Craft a Compelling Cover Letter: Use your cover letter to tell us why you're excited about this position and how your background fits into our team. Share specific examples of your past projects that relate to building scalable data pipelines.
Showcase Your Problem-Solving Skills: In your application, don’t shy away from discussing challenges you've faced in previous roles and how you overcame them. We love candidates who can articulate complex concepts and demonstrate strong analytical thinking.
Apply Through Our Website: We encourage you to apply directly through our website for the best chance of getting noticed. It’s the easiest way for us to keep track of your application and ensure it reaches the right people!

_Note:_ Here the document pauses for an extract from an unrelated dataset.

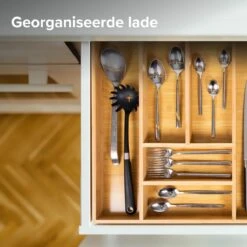 Coninx Bestekbak Bamboe 36CM Breed - Besteklade - Opbergbak - Duurzaam - Voor Laden Vanaf 47cm Diep -Home-Keuken 1200x1200 621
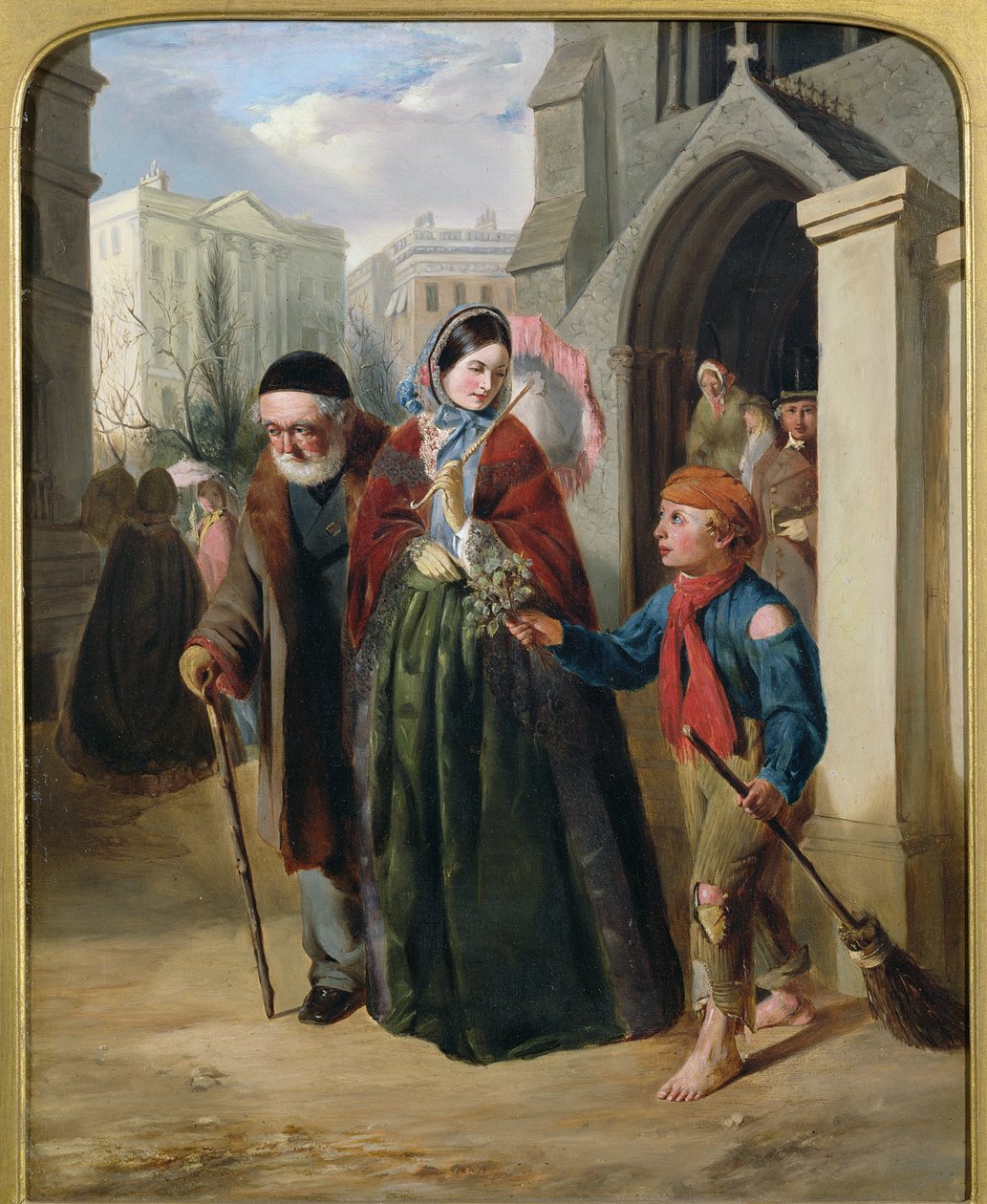 Crossing Sweeper od John Callcott Horsley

How to prepare for a job interview at Cerberus Capital Management
✨Know Your Tech Stack
Make sure you’re well-versed in the tools mentioned in the job description, like dbt, Airflow, and Azure. Brush up on your SQL skills too, especially with PostgreSQL and MySQL, as you might be asked to solve real-world problems using these technologies during the interview.
✨Showcase Your Projects
Prepare to discuss specific projects you've worked on that relate to data engineering. Highlight your experience with building data pipelines, optimising performance, and any challenges you faced. This will demonstrate your hands-on experience and problem-solving skills.
✨Communicate Clearly
Practice explaining complex technical concepts in simple terms. You’ll likely need to communicate with both technical and non-technical stakeholders, so being able to articulate your thoughts clearly is key. Consider doing mock interviews to refine this skill.
✨Ask Insightful Questions
Prepare thoughtful questions about the team’s current projects, challenges they face, and how they measure success. This shows your genuine interest in the role and helps you assess if the company culture aligns with your values.